Itu sisi kajiannya, karena UU ini mengakomodir antara pengusaha dengan masyarakat dalam hal ini masyarakat petani, haknya sama-sama pengguna tanah. Kalau saya mungkin kita coba lihat, yang dimaksud dengan perkebunan yang boleh menerima hak 90 tahun itu bagaimana. Kemudian evaluasi tidak mungkin 90 tahun langsung. Saya kira mungkin harus kita detailkan kriteria.
Apakah dengan UU Cipta Kerja bisa menjawab daya saing hasil pertanian kita dengan negara lain?
Selama (ada aturan) minimal perpres yang membuat suatu ekosistem usaha pertanian itu menjadi ekonomis, saya kira tidak masalah. Kita juga harus berani berkompentisi. Ada aturan yang memang membuat ekosistem dan bisnis model itu bisa berjalan dengan baik, itu lah nanti peran daripada pemerintah di dalam keberpihakanya di dalam ekosistem.
Bayangkan, ada satu daerah di Sukabumi itu ongkos transportasi (mengangkut hasil pertanian) sampai ke jalan itu Rp 500 perak per kilo. Itu bagaimana pembuatan jalan produksinya, kemudian irigasi.
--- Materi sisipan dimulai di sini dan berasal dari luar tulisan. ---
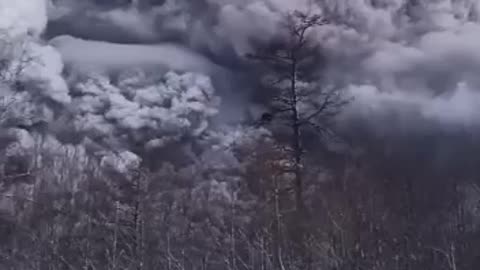 Powerful eruption of Shiveluch volcano. Today, April 11, 6:30.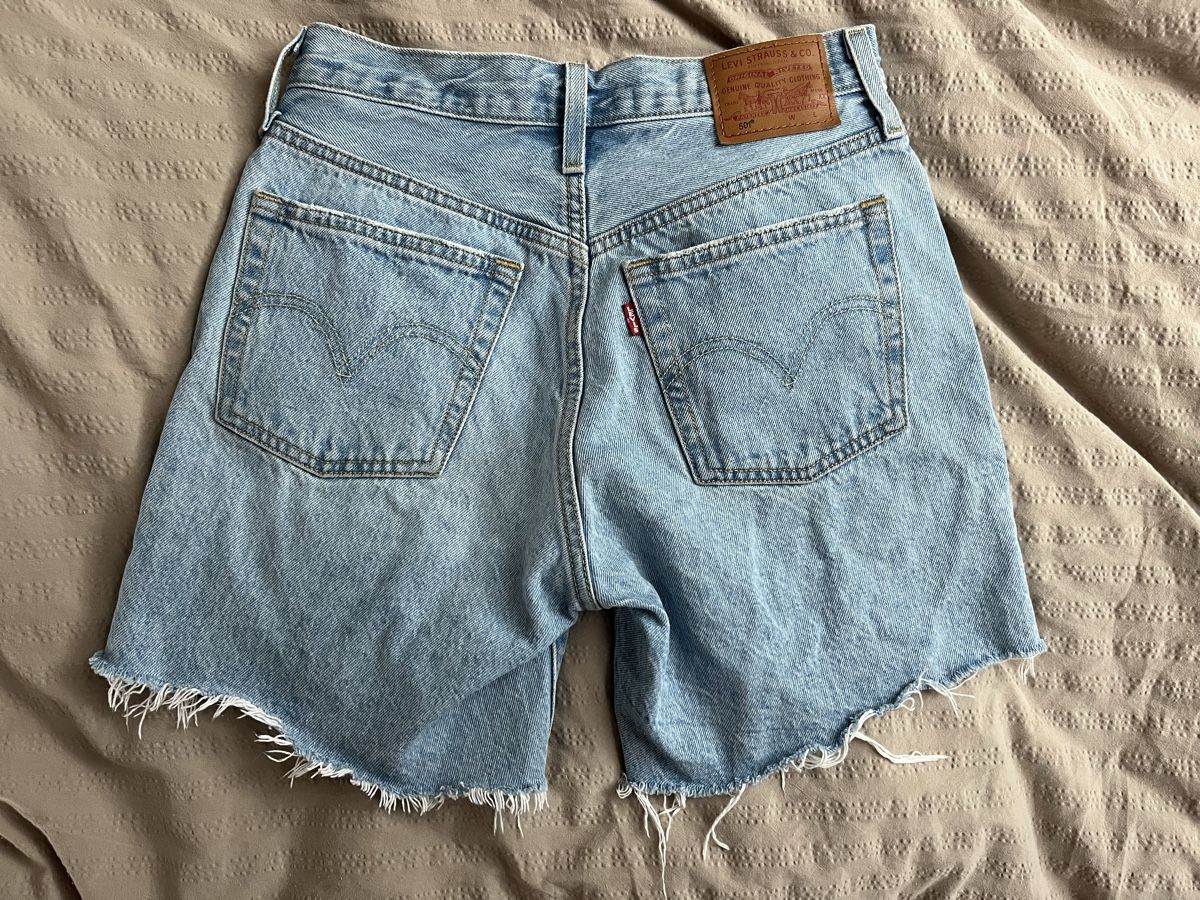 Levi's Jeans: Levi's 501 Jeansshorts Gr. W25 – Gebraucht aus Biel/Bienne von nurrund 2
Kalau lihat dari RPJMN 2020-2024 sudah ada di nomenklatur namanya korporasi petani, tapi cantolan hukumnya tentang kelembagaan belum ada, jadi hanya berupa pembiayaan saja. Tapi kewajiban pemerintah memasukan unsur kepeduliannya dia terhadap korporasi ini belum ada, hanya berupa budget-budget saja.
Kalau ada perpres khusus, tadi tentang bagaimana kelembagaannya, bagaimana tentang kewajiban anggaran untuk membuat suatu ekosistem atau fasilitas sarana dasar untuk mendukung korporasi ini harus ada aturan.